# Old Green Bottle



## GlassKeeper (Dec 23, 2010)

I finally got my camera back so I thought I'd post some pictures of my new bottle. My wife and I were on vacation in late october, we hit some antique shops and I couldn't find a thing. We were going to take a drive up the coast of Maine but she wanted to hit a couple more shops in the area we were staying. It was too nice of a day to be traveling so I said what the heck, she was right. To make a long story short we went into the last shop a half hour before they closed. Thats when everything came together and fell into place, perfect timing. I heard my wife say isn't this the kind of bottle you like? I turned to see her holding a nice old green bottle with a ton of whittle in it. I couldn't believe my eyes, the old green bottle was an OLD DR. TOWNSEND SARSAPARILLA. She smiled at me and said it has a funny bottom on it, she knew what an iron pontil looked like, she was rubbing it in because I walked right by the bottle and never noticed it. I couldn't believe it when she told me the price tag said old green bottle 10.00 dollars, not a $100.00 and that I had misread the price. When I got in the car I couldn't find anything wrong with it. When I paid for the bottle the owner of the shop told me the person just brought it in with some other things and if she had known it was there she would have bought it. Since then I have had some good offers but I just can't let that old green bottle go! I just want a chance to enjoy the glass for a while. I know deals like this happen alot but not to me.


----------



## GlassKeeper (Dec 23, 2010)

The $10.00 bottle.


----------



## GlassKeeper (Dec 23, 2010)

Another


----------



## GlassKeeper (Dec 23, 2010)

.


----------



## GlassKeeper (Dec 23, 2010)

Picture of the pontil


----------



## GlassKeeper (Dec 23, 2010)

One last picture.


----------



## JOETHECROW (Dec 23, 2010)

One of the nicest ten dollar bottles I've ever seen! I'd be keeping it too! Great color and nice pictures....


----------



## GlassKeeper (Dec 23, 2010)

Thanks Joe, this is my first time uploading photos.


----------



## coboltmoon (Dec 23, 2010)

WOW!!!!!

 What town in Maine did you find that.  I want to check out that shop.  I went to a new shop today and stuck out.


----------



## JustGlass (Dec 24, 2010)

Awesome bottle and super nice color. Great find.


----------



## epackage (Dec 27, 2010)

A Beauty...


----------



## CHRISTHEHAWK (Dec 28, 2010)

I'll give you $11 for the bottle.[]


----------



## cowseatmaize (Dec 28, 2010)

> we hit some antique shops and I couldn't find a thing. We were going to take a drive up the coast of Maine but she wanted to hit a couple more shops in the area we were staying


 It wouldn't have been one of the couple (hundred) shops up to the Yorks, would it?


----------



## GlassKeeper (Dec 28, 2010)

Thanks everyone I thought it was a nice find even though I wasn't the one who found it. My brother and I will start hitting shops in Arundel and by the end of the day we will end up in Northwood N H., we won't even stop for lunch. We always like stopping and seeing Jeff at his bottle shop in York and talking with him for a while, to see how he is doing and if he has anything new in his collection. Thats what I like about collecting, all the people you meet. The only way I can have a bottle like that in my collection is to luck out. I would like to start digging, seems like It's easier finding an old arrowhead than it is  finding an old bottle dump. 

  Jim


----------



## cowseatmaize (Dec 28, 2010)

> seems like It's easier finding an old arrowhead than it is finding an old bottle dump.

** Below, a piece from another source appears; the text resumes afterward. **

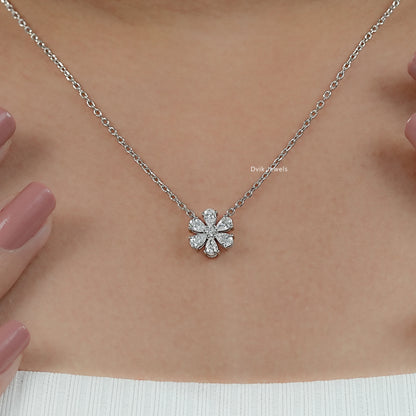 Women wear lab diamond floral pendant to display how flower design sits on neckline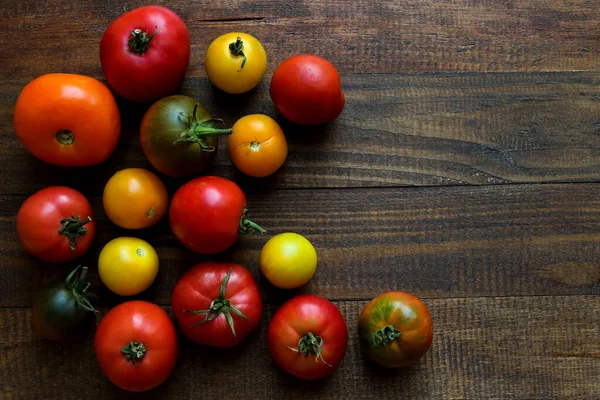 Hasat konsepti. Ahşap zemin üzerinde farklı domates türleri ve fotokopi alanı. Üst görünüm, düz görünüm, seçici odak.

 I know of so many dumps. Most are on private or conservation land. I haven't dug in years. The area I grew up in was all native american until the early 1700's (there were scattered houses but mostly still native settlements) but I never found an artifact, not that I would have known it when I was 12.


----------



## RIBottleguy (Dec 28, 2010)

Even at $100 that would be a bargain.  Nice find!


----------



## GlassKeeper (Dec 29, 2010)

Eric, the dumps around where I live have been pretty much picked over, I have to learn how to find new ones. I do have a metal detector I can use to find dumps just under the surface, it's just taking the time to research old maps. With arrowheads we look for plowed fields around water, then we look for slivers of quartz, chert or flint so we know they were knapping arrowheads. If we don't find any material, it's back to the car and on to the next field.


----------



## GlassKeeper (Dec 29, 2010)

I would have had no problem paying a $100.00 either. After seeing them at bottle shows I never thought I would own one.  I did tell my wife if I sold it I would split the profit with her, maybe thats why I don't want to see it go. Just kidding, I really like the glass!

  Jim


----------